The CICE code supports a clever and very general blocking scheme which can be used to improve cache utilization in single process context and which serve as the general foundation for the parallelism in multiple process context. Now, it caught us by surprise that we did not manage to get binary identical results across single block and multiple block runs. However, diving deeper we found that the restart file contains one field, namely the shortwave radiation, for which only the content in the set of active blocks is stored in the restart file. Figure 3 shows the difference between a single block run and a multiple block run. It puzzles us that the storage format is not consistent across fields and self- contained so that a restart file written using one blocking can be read by another run using another blocking. Moreover, it puzzles us that a non-prognostic field like shortwave radiation is stored in the restart file in the first place. Our work-around was simply to exclude the shortwave radiation field from the restart file whereby we obtained binary identical results across different block settings.

I have explained to them the reason for shortwave being in the restart file. This problem could be related to a different kind of bug, like errors in the padding or haloes that I'm not sure they have fixed in their version of the code, but again, I don't know what would make the shortwave special as opposed to all the other fields in the restart files.
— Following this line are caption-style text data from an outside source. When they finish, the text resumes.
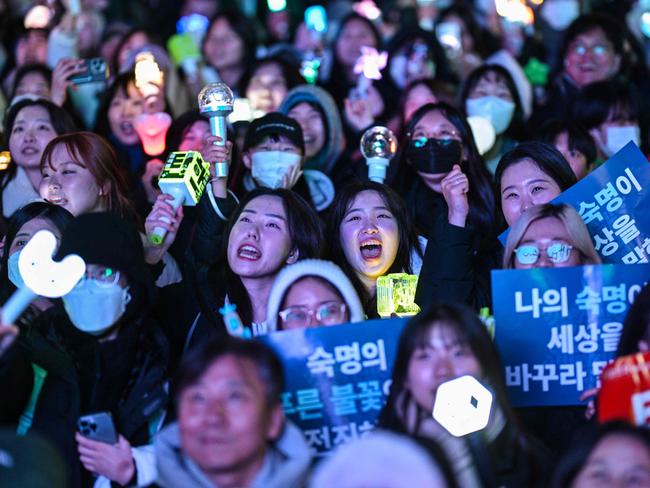 Protesters calling for the ouster of the South Korea President react after the result of the second martial law impeachment vote outside the National Assembly in Seoul. Picture: AFP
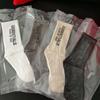 Vacuum-Packed Essentials: Trendy Unisex Mid-Tube Socks for Autumn and Winter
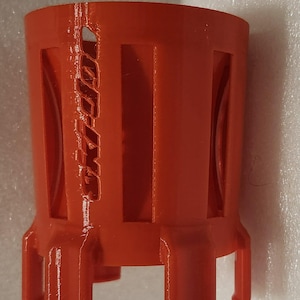 Könnte beinhalten: Ein leuchtend orangefarbenes zylindrisches Objekt mit rechteckigen Aussparungen und dem Text "Ski-Doo" auf der Seite. Das Objekt hat einen Sockel mit vier kleinen Beinen. Der Artikel scheint aus Kunststoff zu sein.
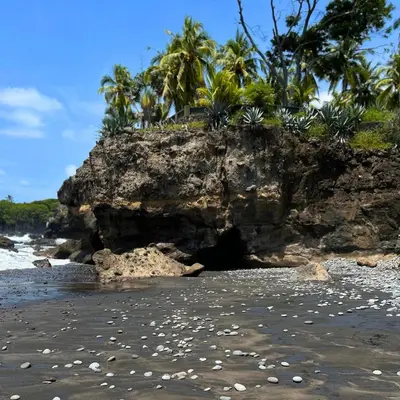 a cave on a rocky beach with palm trees at La ceibasurf in La Libertad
apcraig commented 6 years ago

My guess is that this is the only field on the restart file that has non zero values where there is land because those values are generated outside CICE. I assume that's what makes the field unique on the file. The values over land play do not role in the results. So while this field is technically not identical on restart files with different decompositions and different land block elimination, that difference does not matter from a science perspective. I am pretty sure this is not related to padding or haloes, just the fact that this field is computed outside CICE and is copied onto all non-eliminated blocks without regard to the actual mask. Another way to fix this is to just copy the field onto gridcells where the mask is ocean. That should make the field identical regardless of the decomposition or land block elimination.

eclare108213 commented 6 years ago

That would be an easy fix! Or just multiply it by hm.

TillRasmussen commented 5 years ago

I went back and checked the history. I agree with most that is being said in this thread. The issue appears when changing decomposition and is only present for shortwave related fields as all other fields are zero when land is present (based on a restart of CICEv6). The reason (as mentioned) for this is that the blocks do not cover the same area and the result is that land points will be calculated in some decompositions and not others.

As Tony hints the report has been written with a pure technical focus and this will change the restart file. The influence of this will in almost all (if not all) cases be zero.

The fix should be to only calculate these fields when ocean is present.

eclare108213 commented 5 years ago

Which configuration are you testing? In particular, I'm wondering what variety of forcing you are using. This should not be a problem for gx1 using the LYq atmo forcing option because fsw is multiplied by the land mask after it is calculated. On the gx3 grid, it is not masked. We could do that, but I wonder whether it's really necessary. Can we leave this as it is and close this issue, or should we multiply all of the forcing fields by the land mask? The latter would be more consistent across runs and perhaps less confusing to someone analyzing those fields, but my understanding is this is only in the restarts, not the history output. Suggestions welcome.

TillRasmussen commented 5 years ago

We read in data using the hycom_data function on a ~10km grid. This do not really influence the results, thus it is not that important to fix. Therefore yes I think that the issue can be closed, however it might be nice to change at some point.

eclare108213 commented 5 years ago

I will close the issue. We can reopen it if it shows up again in restart or other tests. If that happens, we will land-mask all of the forcing variables and see whether that takes care of the problem. Thank you @TillRasmussen.